▶ [Activity]: Write out every record below exactly, leaving the pictures out.

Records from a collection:
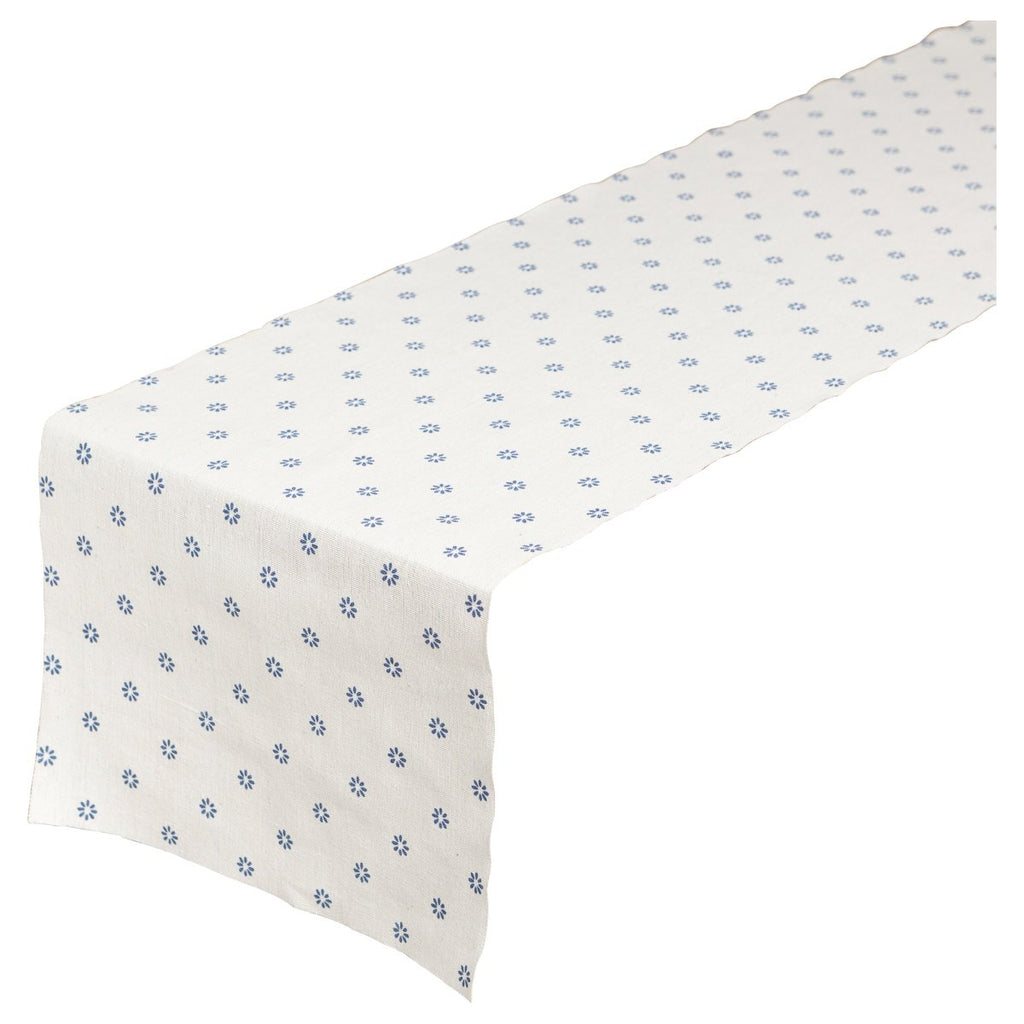 Little Tafelband fleur grijs-blauw 30cmx3mtr (rolled) (20 in box)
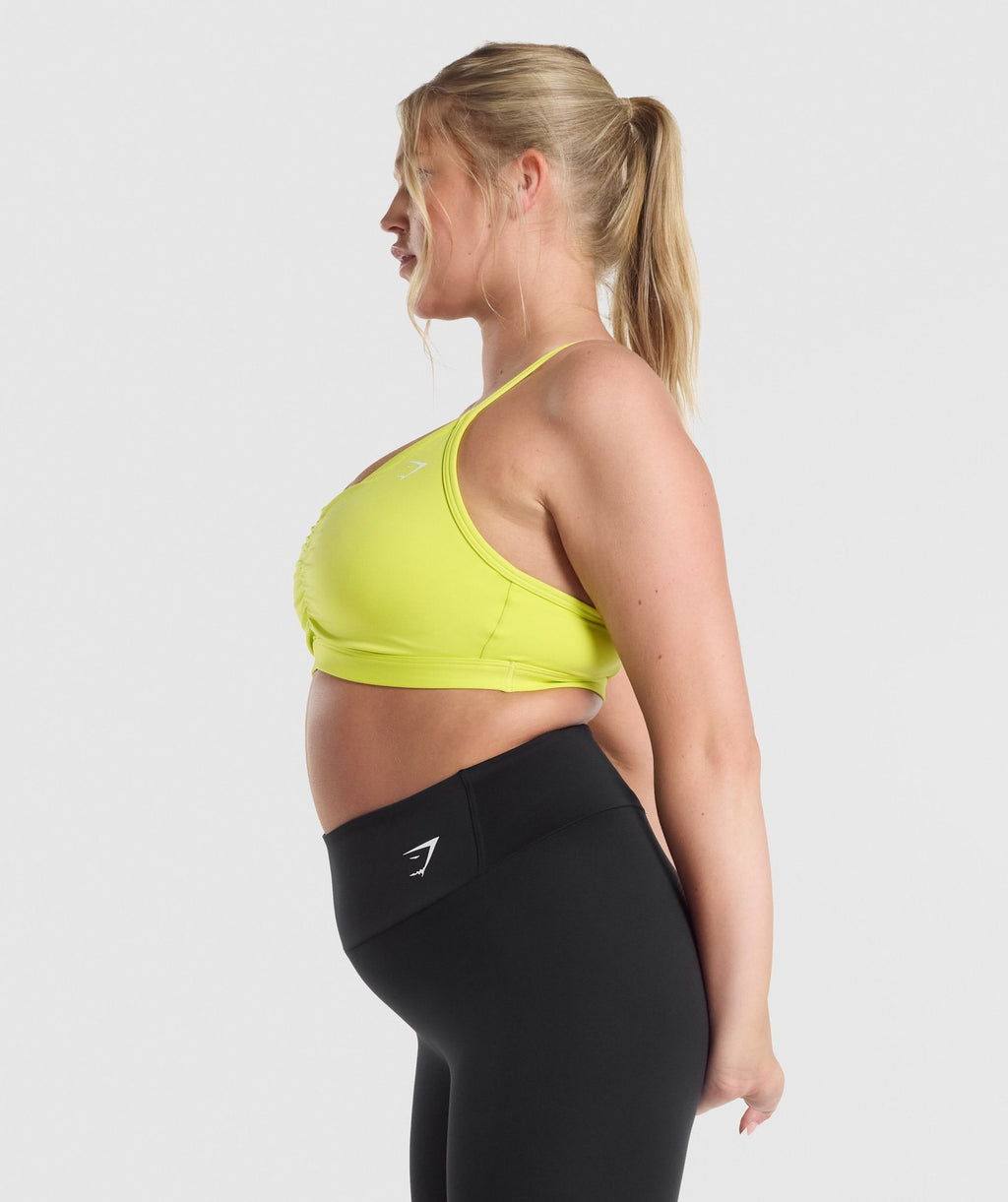 gymshark-ruched-training-sports-bra-yellow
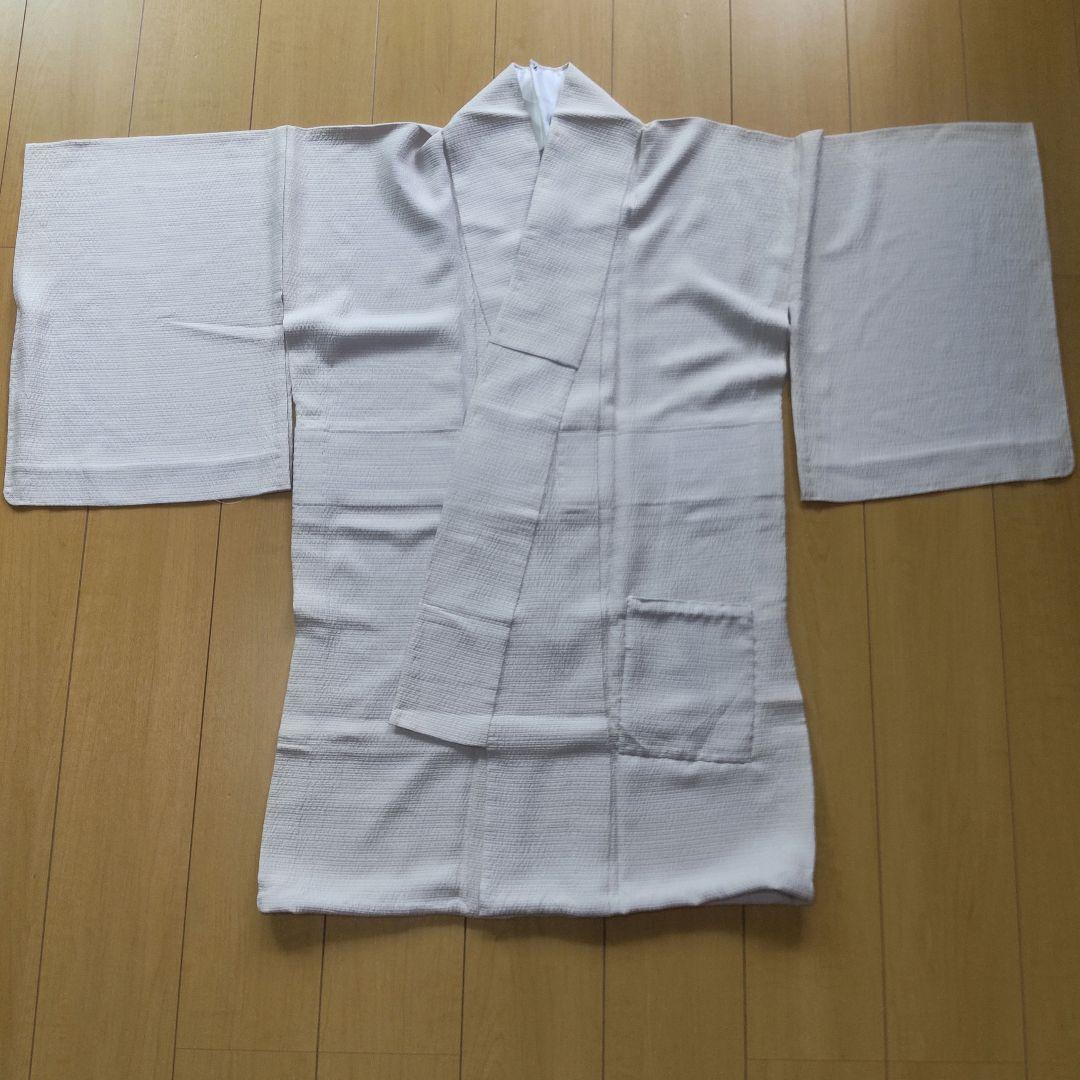 弓道　着物　単衣　正絹　一つ紋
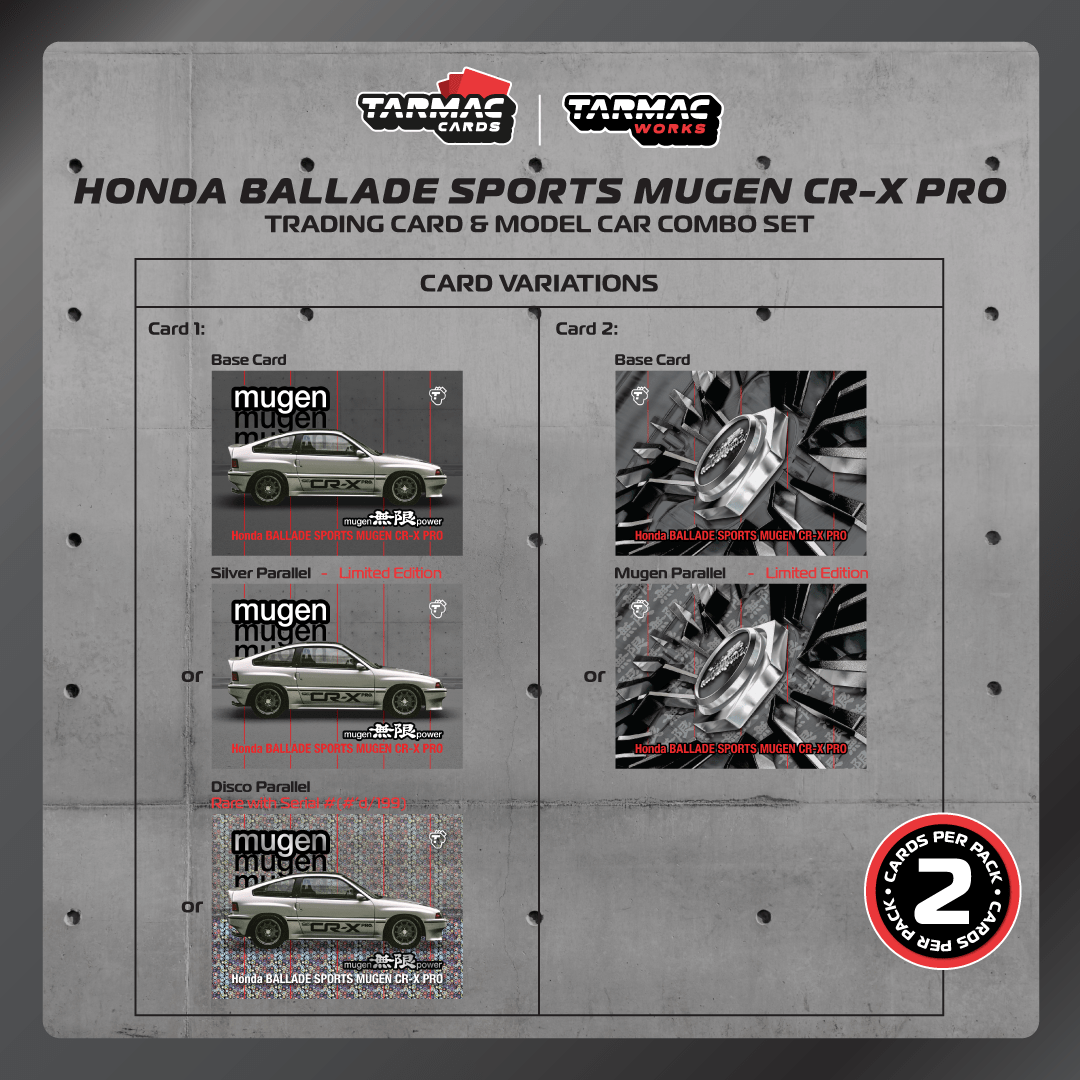 Tarmac Works 1/64 HONDA Ballade Sports MUGEN CR-X PRO Silver Model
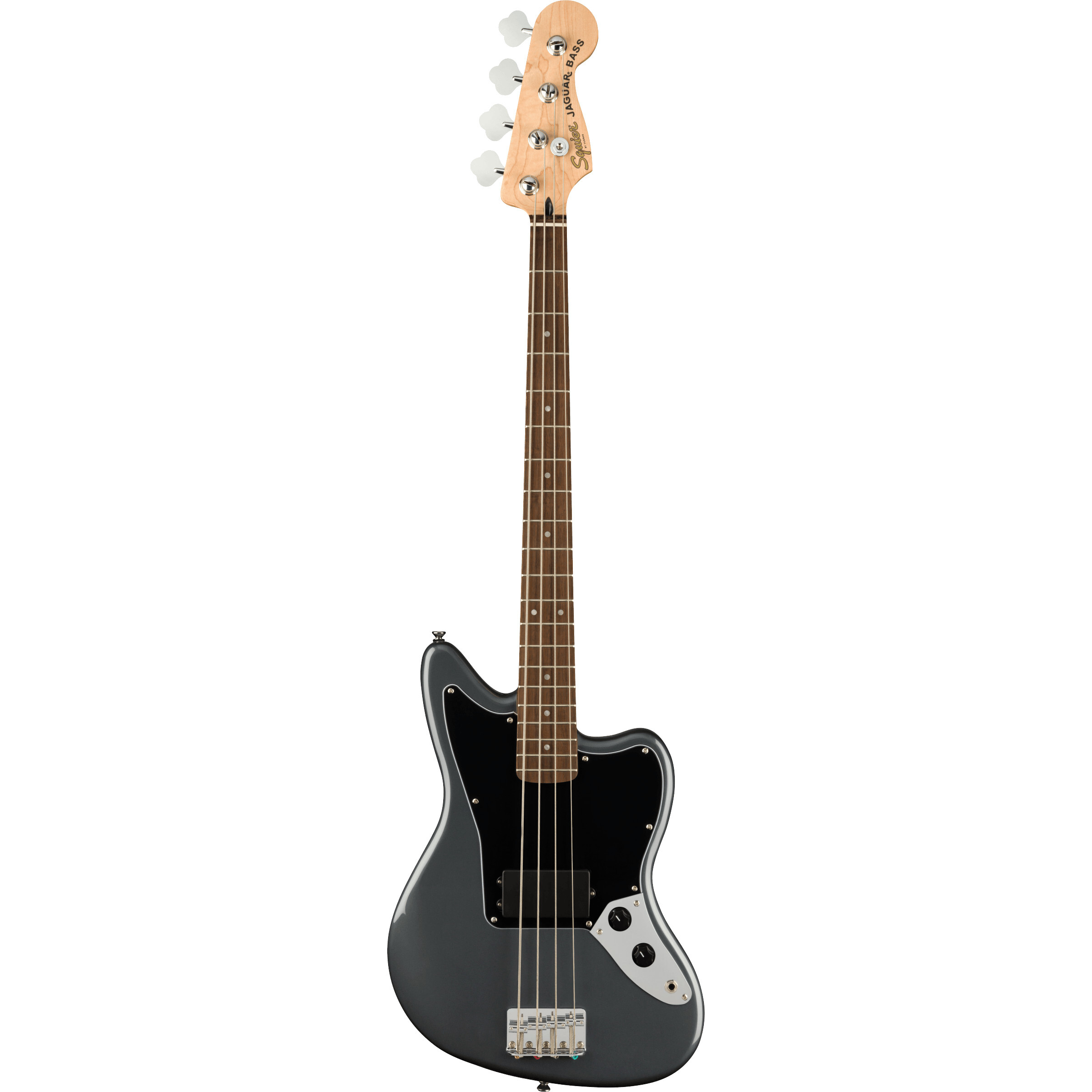 Squier Affinity Series Jaguar Bass H Charcoal Frost Metallic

▶ [Response to this task]:
 Little Tafelband fleur grijs-blauw 30cmx3mtr (rolled) (20 in box)
 gymshark-ruched-training-sports-bra-yellow
 弓道　着物　単衣　正絹　一つ紋
 Tarmac Works 1/64 HONDA Ballade Sports MUGEN CR-X PRO Silver Model
 Squier Affinity Series Jaguar Bass H Charcoal Frost Metallic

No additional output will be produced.